The cooperation clause is included in the contract to protect the interests of the insurance carrier, due to an inherent mistrust of policyholder physicians. However, it can also be used to the advantage of physicians by ensuring that they disclose any relevant information when aware of an incident. With an estimated 5% chance of being sued each year, it is important for doctors to be prepared for the possibility of litigation and cooperate with the insurance carrier.

When an adverse outcome occurs, it is important for physicians to promptly report the claim to their insurance carrier with as much detail as possible, including the reasons for their belief that the outcome was due to an error of nature or medical error. This should be done before being served with a lawsuit, as events are still fresh in the doctor's mind and have not been distorted by time. Additionally, the original medical records should be secured in a safe deposit box to protect against accusations of tampering and replaced in the patient's chart with a certified copy for reference.

Once the report is received by the carrier, it is up to the carrier to determine how to respond. The cooperation clause in the insurance contract is designed to enable the carrier to obtain all necessary information to avoid indemnifying frivolous claims or futilely defending meritorious ones. If the adverse outcome is determined to be an error of nature, the carrier has ample time to prepare for any potential lawsuit and creates a paper trail of their response. They may choose to set reserves aside to protect the policyholder's interests or take no action.

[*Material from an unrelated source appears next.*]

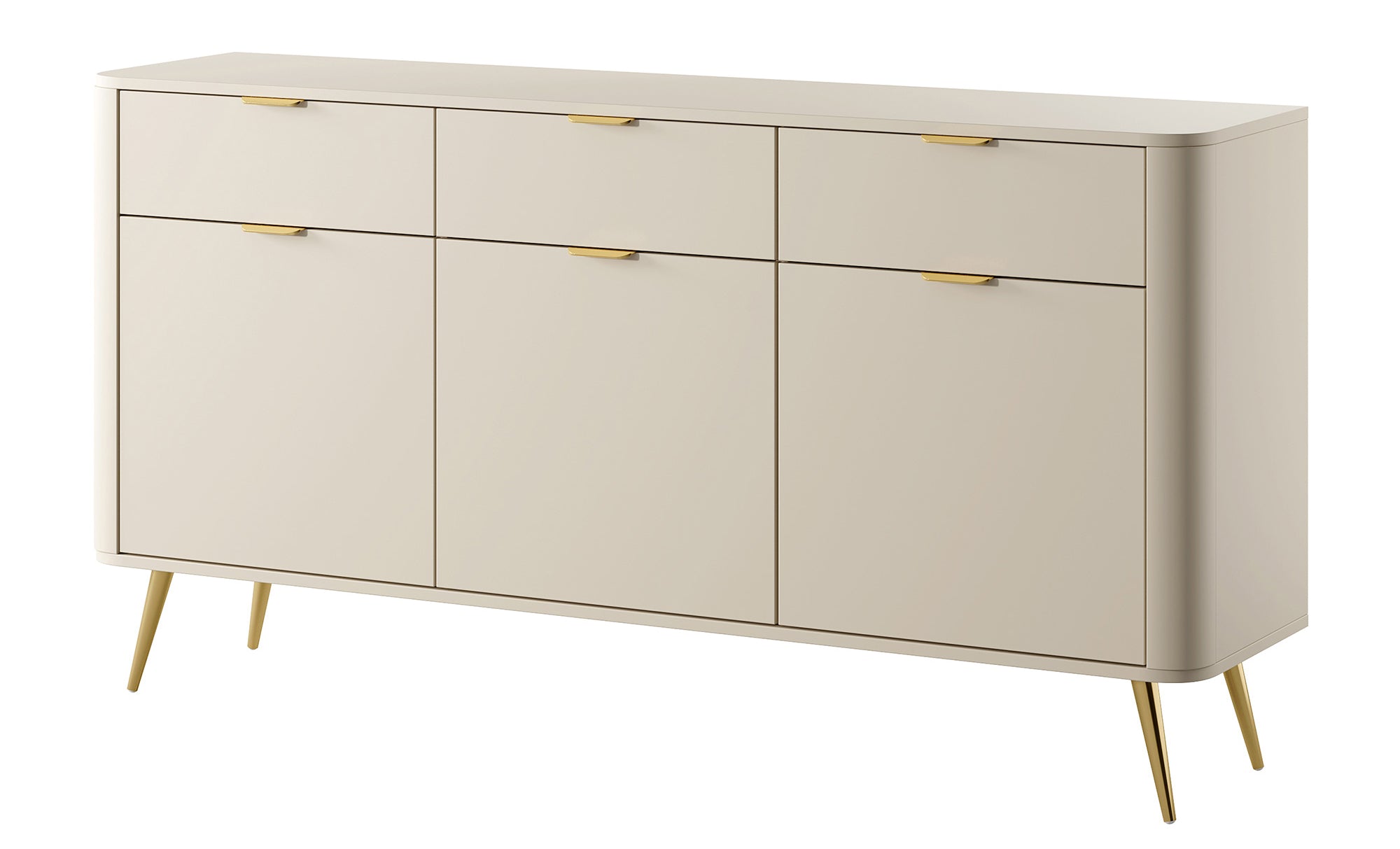 Komoda trzydrzwiowa Oval z szufladami 163,5 cm beż piaskowy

Regarding defense and settlement provisions, generally the insurance carrier is required to obtain the policyholder's consent to settle. These provisions also require that the policyholder shall not unreasonably withhold this consent. Once the physician submits a statement as described above, especially when they provide 95 percent confidence that the claim is completely defensible, they satisfy this provision. The insurance company will be reluctant to coerce a settlement when such a statement completely outlines these circumstances, as it may be considered a violation of the policyholder's Seventh Amendment right to have all facts presented, evaluated, and impartially judged at trial by a jury.

When doctors report a claim with a high degree of confidence in their conclusions, issues of transparency are no longer a concern as long as the statements provided by the doctor are truthful. The insurance company can be assured that no vital information is being withheld, and that the doctor is not impeding the efforts to uncover the truth about the claim.

Reporting a claim in this manner is a strong demonstration of a doctor's commitment to fulfilling their obligations under the medical malpractice insurance contract. The cooperation clause requires doctors to assist in the investigation of a claim, and the defense and settlement provisions require mutual consent before a settlement can be reached. It is explicitly stated that claims should be reported when the doctor is aware of them. If a doctor becomes aware of a maloccurrence immediately, even before a lawsuit is filed, there is nothing preventing them from making a report at that time. By adhering to the terms of the medical malpractice insurance contract, doctors can ensure that their actions will not be held against them.